Oh, yeah. I remember other posters here like The Bodyguard talking about it way before I had a kid.
This online classroom stuff is very interesting to say the least. As a parent, you kinda put a veil of trust into place when you put the kid on the bus. Off he goes, the 8 hours later, there he is. Another good day at school.
But now? The classroom is right there in your family room, kitchen, kids room, where ever. I’m actually kind of glad to get a peek behind the curtain, and it just so happens that the teacher this year likes to godzilla stomp all over certain traditional holidays. It turns out she actually has a few real and pretty serious problems too, that are why we end up seeing this kind of stuff on our 2nd graders zoom classroom.
They can always claim the moral high ground, as did Karl Marx.
Apparently, speculating on the stock market for a handsome profit is a way to strike back at the capitalists without engaging in the dirty business of actual work. To quote Marx himself:
“I have, which will surprise you not a little, been speculating … in English stocks, which are springing up like mushrooms this year … andare forced up to quite an unreasonable level and then, for the most part, collapse. In this way, I have made over £400. …
“… now that the complexity of the political situation affords greater scope, I shall begin all over again. It’s a type of operation that makes demands on one’s time, [but] it’s worthwhile running some risk in order to relieve the enemy of his money.”
Everybody secretly wants to be a capitalist, even anti-capitalists. Funny.
Yeah, I definitely agree. Seeing how the sausage is made is important no matter how maddening. Which is one big reason I think homeschooling has been on the rise in recent years.

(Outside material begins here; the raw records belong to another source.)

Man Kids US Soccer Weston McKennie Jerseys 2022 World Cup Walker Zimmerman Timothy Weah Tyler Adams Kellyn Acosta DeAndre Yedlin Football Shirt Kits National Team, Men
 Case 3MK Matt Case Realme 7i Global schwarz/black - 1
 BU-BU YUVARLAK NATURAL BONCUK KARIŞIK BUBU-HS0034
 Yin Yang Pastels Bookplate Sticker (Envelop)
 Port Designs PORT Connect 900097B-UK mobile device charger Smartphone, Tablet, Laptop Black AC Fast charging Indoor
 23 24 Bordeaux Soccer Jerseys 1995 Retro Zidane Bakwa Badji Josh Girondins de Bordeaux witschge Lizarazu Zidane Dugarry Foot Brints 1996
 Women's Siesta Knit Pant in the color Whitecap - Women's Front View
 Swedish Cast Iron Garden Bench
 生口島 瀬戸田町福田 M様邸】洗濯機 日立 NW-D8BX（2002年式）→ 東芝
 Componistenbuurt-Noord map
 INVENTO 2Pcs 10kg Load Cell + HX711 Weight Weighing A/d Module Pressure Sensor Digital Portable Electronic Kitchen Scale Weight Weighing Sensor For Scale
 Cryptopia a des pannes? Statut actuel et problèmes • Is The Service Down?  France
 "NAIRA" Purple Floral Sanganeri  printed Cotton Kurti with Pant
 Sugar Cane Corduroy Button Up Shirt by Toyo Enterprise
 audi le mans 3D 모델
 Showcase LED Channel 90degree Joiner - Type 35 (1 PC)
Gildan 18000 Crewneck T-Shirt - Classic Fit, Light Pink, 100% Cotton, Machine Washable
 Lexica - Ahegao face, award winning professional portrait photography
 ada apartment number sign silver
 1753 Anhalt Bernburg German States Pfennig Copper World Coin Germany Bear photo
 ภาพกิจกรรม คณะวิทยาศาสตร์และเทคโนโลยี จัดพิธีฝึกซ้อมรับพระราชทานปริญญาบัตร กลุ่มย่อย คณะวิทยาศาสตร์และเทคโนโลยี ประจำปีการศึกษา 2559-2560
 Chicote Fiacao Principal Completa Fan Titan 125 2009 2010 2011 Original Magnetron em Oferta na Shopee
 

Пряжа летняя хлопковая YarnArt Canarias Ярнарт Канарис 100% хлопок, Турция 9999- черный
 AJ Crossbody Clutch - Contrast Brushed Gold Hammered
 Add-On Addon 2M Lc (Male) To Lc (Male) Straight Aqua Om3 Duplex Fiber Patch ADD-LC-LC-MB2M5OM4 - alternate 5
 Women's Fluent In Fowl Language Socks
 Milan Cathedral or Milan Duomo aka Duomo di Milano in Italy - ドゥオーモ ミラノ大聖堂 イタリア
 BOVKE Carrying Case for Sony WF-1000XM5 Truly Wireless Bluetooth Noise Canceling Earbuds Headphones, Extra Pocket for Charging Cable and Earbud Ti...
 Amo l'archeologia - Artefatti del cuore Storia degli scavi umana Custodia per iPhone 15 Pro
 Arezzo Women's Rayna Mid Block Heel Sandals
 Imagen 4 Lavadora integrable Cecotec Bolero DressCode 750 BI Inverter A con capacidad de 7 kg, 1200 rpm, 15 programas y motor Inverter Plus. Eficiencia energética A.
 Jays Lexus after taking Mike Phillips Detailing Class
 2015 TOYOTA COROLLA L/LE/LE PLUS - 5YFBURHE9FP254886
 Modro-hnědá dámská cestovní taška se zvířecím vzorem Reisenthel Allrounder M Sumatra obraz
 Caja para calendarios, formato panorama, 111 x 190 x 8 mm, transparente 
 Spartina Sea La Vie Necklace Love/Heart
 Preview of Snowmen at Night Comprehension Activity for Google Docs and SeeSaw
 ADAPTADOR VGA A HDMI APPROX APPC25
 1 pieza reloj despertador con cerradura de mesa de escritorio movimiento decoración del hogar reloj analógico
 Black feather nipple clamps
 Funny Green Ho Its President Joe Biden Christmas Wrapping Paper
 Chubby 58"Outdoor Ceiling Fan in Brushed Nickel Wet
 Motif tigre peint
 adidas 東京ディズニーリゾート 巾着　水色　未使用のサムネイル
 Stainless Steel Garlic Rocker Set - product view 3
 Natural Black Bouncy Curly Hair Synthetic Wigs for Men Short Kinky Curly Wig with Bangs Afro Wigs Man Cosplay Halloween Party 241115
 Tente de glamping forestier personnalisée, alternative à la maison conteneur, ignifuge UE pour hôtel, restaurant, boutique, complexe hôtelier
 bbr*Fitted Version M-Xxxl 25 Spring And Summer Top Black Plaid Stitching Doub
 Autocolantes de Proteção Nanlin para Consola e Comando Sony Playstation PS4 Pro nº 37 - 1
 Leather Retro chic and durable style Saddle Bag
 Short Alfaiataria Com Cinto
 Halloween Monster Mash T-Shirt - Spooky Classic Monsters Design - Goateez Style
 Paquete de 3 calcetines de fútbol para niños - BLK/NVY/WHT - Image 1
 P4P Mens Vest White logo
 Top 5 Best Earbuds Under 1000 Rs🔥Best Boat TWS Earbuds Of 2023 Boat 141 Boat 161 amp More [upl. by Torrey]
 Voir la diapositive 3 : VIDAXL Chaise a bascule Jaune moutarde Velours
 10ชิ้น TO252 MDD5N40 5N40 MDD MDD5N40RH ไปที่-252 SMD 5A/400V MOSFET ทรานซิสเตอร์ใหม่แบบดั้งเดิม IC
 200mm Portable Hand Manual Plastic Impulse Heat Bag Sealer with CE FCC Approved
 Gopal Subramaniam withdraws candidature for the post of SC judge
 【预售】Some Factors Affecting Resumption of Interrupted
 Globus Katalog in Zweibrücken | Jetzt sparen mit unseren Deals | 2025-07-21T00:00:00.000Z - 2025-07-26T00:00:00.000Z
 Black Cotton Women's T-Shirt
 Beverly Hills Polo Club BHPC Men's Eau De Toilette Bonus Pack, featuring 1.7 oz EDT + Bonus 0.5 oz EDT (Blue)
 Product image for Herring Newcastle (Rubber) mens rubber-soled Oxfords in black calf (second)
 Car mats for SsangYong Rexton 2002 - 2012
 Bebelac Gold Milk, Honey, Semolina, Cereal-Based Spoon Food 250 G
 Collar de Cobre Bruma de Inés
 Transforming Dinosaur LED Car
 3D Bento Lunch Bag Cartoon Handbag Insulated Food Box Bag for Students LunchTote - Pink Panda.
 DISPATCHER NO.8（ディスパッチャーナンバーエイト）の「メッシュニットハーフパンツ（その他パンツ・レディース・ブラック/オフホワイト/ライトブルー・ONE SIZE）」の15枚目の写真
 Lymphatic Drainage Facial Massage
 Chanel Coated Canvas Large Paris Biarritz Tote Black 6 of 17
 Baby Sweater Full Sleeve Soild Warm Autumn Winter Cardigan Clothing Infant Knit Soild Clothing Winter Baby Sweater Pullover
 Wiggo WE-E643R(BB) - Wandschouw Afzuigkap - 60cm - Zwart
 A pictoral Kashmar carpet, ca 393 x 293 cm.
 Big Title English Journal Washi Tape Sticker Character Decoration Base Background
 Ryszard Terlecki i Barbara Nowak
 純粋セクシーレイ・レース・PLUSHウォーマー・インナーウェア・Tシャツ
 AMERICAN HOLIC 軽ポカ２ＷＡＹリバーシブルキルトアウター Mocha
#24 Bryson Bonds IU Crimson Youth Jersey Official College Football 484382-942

Granted it’s a bit of a luxury for most, and it also depends on the ability of the home teacher lol.
I recall bodyguard talking about the school issues quite a bit.
I locked my profits before the end of the day, because wanted to ensure that my 100,000 contracts on tulips would not be impeded.
Please don’t make my position known to your Dutch clientele.
95%+ of over 30 year olds have families and careers and real problems to worry about. But that last few percent really make a stink of things. The BLM founders are all late 30s or early 40s, for instance.
The founders of BLM dont really have much power over the BLM movement. I really dont think they are all that influential as the BLM movement is super decentralized. People dont even know the two lady’s names without googling. Its the younger folks who have taken up the SJW torch to push back on the establishment in various ways- the lowest hanging fruit being to get their school name changed.
I also think many folks are looking at this from a perspective where changing memorialized names, or statues is canceling those historical figures, and erasing the past. I think a pretty valid perspective is that we are simply swapping out memorialized names and statues to historical figures that are more pertinent or culturally significant nowadays. The same way the USPS changes up who gets to be on a stamp, we can change up whose name gets on a building, school, street, etc. A school name or statue doesnt have to live for all eternity once it has been set once, 50 years ago.
FWIW, the narrative over on WSB is that it they hold the ethical high ground by continuing to drive the stock price higher and higher, and anyone who cashes out is selling out “the movement”. The point is to do to Wall Street now, what wall street did to the people in 2008… the point isnt to profit.
So, really its the folks like me who are happy to say they DGAF about “the movement” that are trying to capitalistically capitalize on this whole shit show, while “the movement” stays pure.
It’s three women and they have Hollywood agents and are making tv deals with people like Oprah.
Also, BLM rakes in millions of dollars so it must have some organizational structure. It is not just some slogan.
This is an uneducated way of thinking. Is the bill of rights still pertinent?
This is the problem with how Americans think; historical relevance is not a trend. The Ancient Greeks are historically relevant and still significant. And the reality that these fragile, semi-educated social justice avengers are rebelling against is that they owe their existence to Greco-Roman culture and society. All of these blue haired humanities undergrads are connected to what they refer to as white culture, colonizers, imperialists, patriarchy, etc. They should be grateful they were able to inherent that culture but instead they want some sort of do over or reset.
A history professor complaining about Greeks and Romans (who didn’t think about race as we do today) should know that the very concept of history is a Greek and Roman invention.
And her picture looks exactly as you would expect.
Yeah. I was in a zoom meeting yesterday and we had to state our pronouns as we introduced ourselves. My name is obviously masculine so I didn’t bother.
All they need to take in millions is a cheap website, and a PayPal account. Ask the folks at BLM. org or other knock off websites who received donations haha.
I fail to understand how it’s uneducated to have that viewpoint. Are you suggesting that once something is named after a person, or a statue erected it should never be renamed or replaced lest we “forget our history”? I think only the truly great should have names or monuments last for centuries or millennia. James calhoun is not important on that level and should be happy to have had a lake named after him for 100 years.
Just following the directive of the black pool HFTs , uh larger hedge funds that actually piled on and made the shorts puke (right before grabbing a short for the freefall) , er I mean SEC suggestion.